Community
A soldier returns home
Commander Tim Stoner of the U.S. Army National Guard returned home last week from a 10-month tour in Iraq, and was greeted by his four children wearing T-shirts that read “My Dad Rocks.” Tim, 38, had not seen his wife, Tiffany, and his kids in 400 days. Now settled back in their Zionsville home, he said he is practicing an “exercise in deceleration,” going from 110 mph to 0 mph.
Tim was the commander of Charlie Company, a MEDEVAC unit, and the Taskforce Commander of that company and Delta Company, a maintenance unit. The two companies combined are referred to as task force DUSTOFF. Simply put, he mainly flew Blackhawk helicopters to help wounded soldiers.
“Getting to save our soldiers’ lives is immensely satisfying,” Tim said. He said the experience transformed his respect for human life.
Tim wasn’t always a pilot, though. He joined the National Guard at 18 to take advantage of the GI Bill. He served the typical one weekend a month and two weeks in the summer as a general infantry guy. He graduated from Ball State University with a bachelor’s degree in finance and marketing and a graduate degree in information and communication sciences. He moved to Chicago with Tiffany, whom he met in college, and worked for a large consulting firm while keeping his commitment with the Guard. But he soon decided he wanted to be a pilot — one of the most coveted spots in the Army. He started applying for flight school in 1991, and was finally selected six years later. At 28, Tim had to take a leave of absence from corporate America to get through rigorous flight school and fly a minimum of eight days a month. He said he compromised sleep and had a nonexistent social life.
Tim and Tiffany Stoner eventually relocated to Zionsville where Tiffany said they found the small town feel they were looking for. Tim worked for Fusion Alliance, a technology services company, and Tiffany followed her passion for photography, working for nathaniel edmunds Photography. The Stoners started a family and would have two boys and two girls. Briggs, 6, Gage 2, and twins Campbell and Emerson, 8 months, were all too young to understand what it meant when their dad was deployed to Iraq in May 2007. Tim said he told his oldest son, Briggs, that “Daddy has to go fly his Blackhawk to save the soldiers,” but he promised him he would be back for his seventh birthday.
The Stoners had heard “whisperings” that Tim might be deployed, and in late summer 2006 was told he would be flying to Washington D.C. for a National Guard drill. But Tim expected he would be told he was going to Iraq. Thirty Commanders were brought to a secret briefing room in the National Guard headquarters and informed of their deployment.
“When I heard we were going, I didn’t think twice,” Tim said.
But the Stoner family had a lot to consider: finances, wills, bank accounts and kids. And, of course, the emotional stress on the family. When Tim left for Iraq the family had plenty of time to get their “business stuff” in order, but they now had four children, the oldest child only 6 years old.
“Dealing with these children, I was having a war of my own over here,” Tiffany joked.

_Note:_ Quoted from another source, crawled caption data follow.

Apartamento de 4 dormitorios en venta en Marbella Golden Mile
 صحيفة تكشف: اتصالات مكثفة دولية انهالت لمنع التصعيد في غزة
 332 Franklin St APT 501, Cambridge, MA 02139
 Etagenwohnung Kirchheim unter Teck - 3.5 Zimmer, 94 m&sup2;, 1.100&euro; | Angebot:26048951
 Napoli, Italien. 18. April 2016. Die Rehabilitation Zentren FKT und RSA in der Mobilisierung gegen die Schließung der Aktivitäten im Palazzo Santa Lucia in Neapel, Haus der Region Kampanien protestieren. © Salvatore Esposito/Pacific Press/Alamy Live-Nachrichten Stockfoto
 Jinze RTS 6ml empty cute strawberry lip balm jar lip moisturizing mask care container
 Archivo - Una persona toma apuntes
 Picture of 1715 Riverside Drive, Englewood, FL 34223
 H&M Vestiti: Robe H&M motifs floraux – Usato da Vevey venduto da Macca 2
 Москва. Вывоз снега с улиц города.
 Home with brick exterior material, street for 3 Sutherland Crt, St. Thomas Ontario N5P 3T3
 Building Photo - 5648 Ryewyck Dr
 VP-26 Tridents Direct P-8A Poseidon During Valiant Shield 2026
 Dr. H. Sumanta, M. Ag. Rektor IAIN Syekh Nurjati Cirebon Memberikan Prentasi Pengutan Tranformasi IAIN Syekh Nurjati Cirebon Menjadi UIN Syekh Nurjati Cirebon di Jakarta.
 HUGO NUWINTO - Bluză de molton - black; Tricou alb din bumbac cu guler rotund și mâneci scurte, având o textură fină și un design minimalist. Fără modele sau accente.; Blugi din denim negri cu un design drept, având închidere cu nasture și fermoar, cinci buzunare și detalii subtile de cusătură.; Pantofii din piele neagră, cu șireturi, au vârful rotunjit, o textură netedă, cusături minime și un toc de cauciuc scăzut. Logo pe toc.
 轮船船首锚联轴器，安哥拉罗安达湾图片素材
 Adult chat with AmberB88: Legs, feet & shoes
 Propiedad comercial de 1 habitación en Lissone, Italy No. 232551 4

She fully supported her husband serving in Iraq, and found support of her own through family, neighbors, Bible study and the blog she and Tim started. Though they kept in touch through phone calls and e-mails, it was the blog, www.lettersfromtim.com, that really kept them connected. And, Tiffany said, it hit home with hundreds of people she didn’t even know. With 500 to 600 people a day on the blog, she heard from bloggers as far away as Europe and India.
The last entry on the blog, entitled “Imagine,” read:
“Imagine the six most content people in the world right now … four kids smiling from ear-to-ear, yelling for their dad’s attention, a mother that finally has some reinforcement and an enormous weight lifted off of her shoulders with the security of her partner out of a war zone, and a father relieved to be home but completely satisfied with a successful mission of bringing 150 soldiers home alive.”
Tim said his mission was accomplished; with 4,000 flight hours and more than 1,000 combat missions, his unit rescued 1,500 soldiers and civilians. And, he said, he would do it again. But for now he said he is enjoying cooking and changing dirty diapers. Honest.